Badu experimentally reimagines these tunes with a futurist sound that whirs and rings with all sorts of cellphone noises. Her opening track, “Caint Use My Phone,” riffs off the last line of her 1997 single, “Tyrone,” and the song begins with an uncomfortable disconnect tone. The song slowly warps and layers this tone into a rippling cacophony of synths.
But U Cain’t Use My Phone explores a juxtaposition between very contemporary trap rhythms and more timeless elements such as her soulful croon, which often evokes Billie Holiday. The only noncover track on the album, “Phone Down,” has the rattling, crisp hi-hats of trap music, but it also has a sparse piano melody that rings coldly from a distance.
She calls the resulting style “TRap & B.” Weirdly enough, the sound on “Phone Down” has a striking resemblance to Drake’s style a la Nothing was the Same. Although Badu’s colleague Zach Witness produced the entire album, “Phone Down” sounds as if the singer called Noah “40” Shebib into their makeshift bedroom studio.
In fact, Drake’s haunting persona constantly pops up throughout the mixtape. On “U Used to Call Me,” and “What’s Your Phone Number,” an obscure rapper ItsRoutine performs two verses that are shockingly accurate impersonations of Drake. To make matters more strange, ItsRoutine’s first name is also Aubrey. ItsRoutine’s resemblance is so strong that it’s almost spooky. With her astral mysticism, Badu seems to have conjured Drake’s apparition from another lifetime.

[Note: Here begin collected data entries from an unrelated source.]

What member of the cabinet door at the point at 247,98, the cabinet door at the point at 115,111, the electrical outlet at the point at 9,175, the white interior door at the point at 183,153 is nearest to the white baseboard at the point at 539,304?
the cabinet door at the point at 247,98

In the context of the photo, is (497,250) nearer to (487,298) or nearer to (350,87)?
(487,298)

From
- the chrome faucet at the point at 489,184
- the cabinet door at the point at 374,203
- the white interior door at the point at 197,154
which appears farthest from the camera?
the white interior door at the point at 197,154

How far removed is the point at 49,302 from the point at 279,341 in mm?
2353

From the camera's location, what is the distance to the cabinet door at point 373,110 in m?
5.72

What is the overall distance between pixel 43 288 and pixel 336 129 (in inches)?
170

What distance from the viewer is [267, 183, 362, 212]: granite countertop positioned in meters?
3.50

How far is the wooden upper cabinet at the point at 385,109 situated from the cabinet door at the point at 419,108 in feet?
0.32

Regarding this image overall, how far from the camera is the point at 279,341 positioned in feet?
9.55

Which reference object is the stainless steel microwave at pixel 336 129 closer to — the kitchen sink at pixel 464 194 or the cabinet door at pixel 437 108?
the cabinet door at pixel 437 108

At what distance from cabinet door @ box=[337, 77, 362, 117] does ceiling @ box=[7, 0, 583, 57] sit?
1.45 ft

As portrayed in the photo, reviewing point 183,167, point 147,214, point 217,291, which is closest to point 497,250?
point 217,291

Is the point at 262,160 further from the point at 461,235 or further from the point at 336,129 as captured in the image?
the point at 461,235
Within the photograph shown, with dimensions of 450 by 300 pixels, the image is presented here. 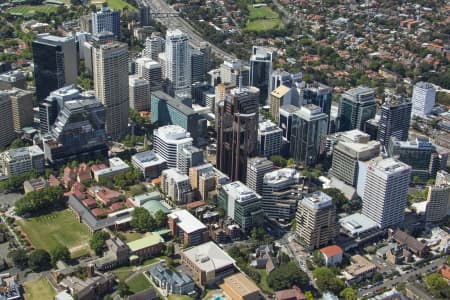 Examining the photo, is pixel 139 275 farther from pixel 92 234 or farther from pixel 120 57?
pixel 120 57

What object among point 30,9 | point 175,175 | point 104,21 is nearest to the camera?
point 175,175

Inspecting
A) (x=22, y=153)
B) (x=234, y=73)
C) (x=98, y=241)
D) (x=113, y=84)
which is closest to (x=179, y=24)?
(x=234, y=73)

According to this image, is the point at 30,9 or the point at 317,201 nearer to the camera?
the point at 317,201

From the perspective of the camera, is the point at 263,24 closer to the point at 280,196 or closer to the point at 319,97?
the point at 319,97

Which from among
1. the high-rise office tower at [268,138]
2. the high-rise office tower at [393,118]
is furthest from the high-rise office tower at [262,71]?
the high-rise office tower at [393,118]

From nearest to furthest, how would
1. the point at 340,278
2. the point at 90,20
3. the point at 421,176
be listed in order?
the point at 340,278 → the point at 421,176 → the point at 90,20

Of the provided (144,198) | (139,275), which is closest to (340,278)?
(139,275)

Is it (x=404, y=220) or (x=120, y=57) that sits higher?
(x=120, y=57) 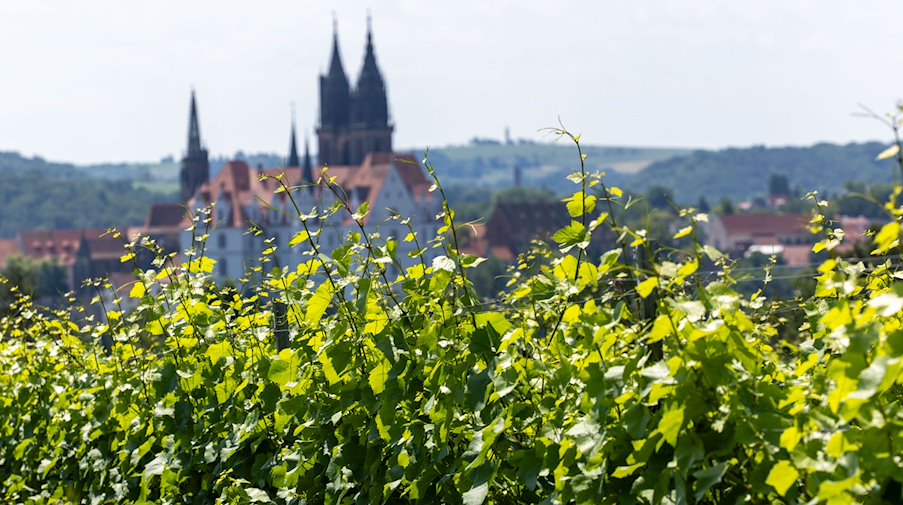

Badu is clearly interested in deconstructing the phenomenon of Drake — one of 2015’s most powerful hip-hop stars. Yet, the tone of ItsRoutine’s performance is a bit enigmatic, floating in a liminal space between lighthearted parody and scathing satire.
But U Cain’t Use My Phone sometimes exists in this offbeat emotional state that can be jarring for its listeners. On her cover of “U Don’t Have to Call,” Badu strips away the fiery passion of Usher’s performance. She replaces it with kitschy, soulless synths that are evocative of Wii music. Maybe the soulless quality is the point — part of the mixtape’s dystopian vision. Despite this novelty, the song isn’t very much fun on its own.
The mixtape ends with its most exhilarating track, “Hello,” which is a cathartic burst of human emotion after the album’s exploration of digital alienation. The song features a freewheeling verse by Badu’s former lover, the iconic Andre 3000 of OutKast. (Fun fact: “Ms. Jackson” is actually about Badu’s mom) Paired together, Andre 3000 and Badu have a beautiful intimacy on the track, which has so many intricate layers of regret, longing and remembrance.
On “Hello,” Badu sings, “Hello, it’s me.” It’s the first line of Adele’s blockbuster hit, “Hello,” another 2015 song about cell phones. But Badu is drawing from a song originally recorded by Todd Rundgren in 1972. Is the reference to Adele intentional? Was Adele’s “Hello” even released while Badu was in the recording studio? Badu draws so little attention to the line, which is buried deep in the middle of the song. The echoes between Badu and Adele altogether seem to be an uncanny coincidence.
But U Cain’t Use My Phone has such a wide range of sonic adventures and poignant meditations that will mesmerize any first-time listeners of the album. But the mixtape will most likely demand countless revisits because it is so deeply shrouded in riddles — the coincidences on “Hello,” the mystery of ItsRoutine — which seem pulled out of Badu’s mystic, otherworldly dimension.
On “Phone Down,” Badu repeats the refrain, “I can make you put your phone down.” She’s right. You’re going to have to put your phone down for this mixtape — if not for the sheer thrill of her music, then for the endless puzzles that will jolt you out of your digital world.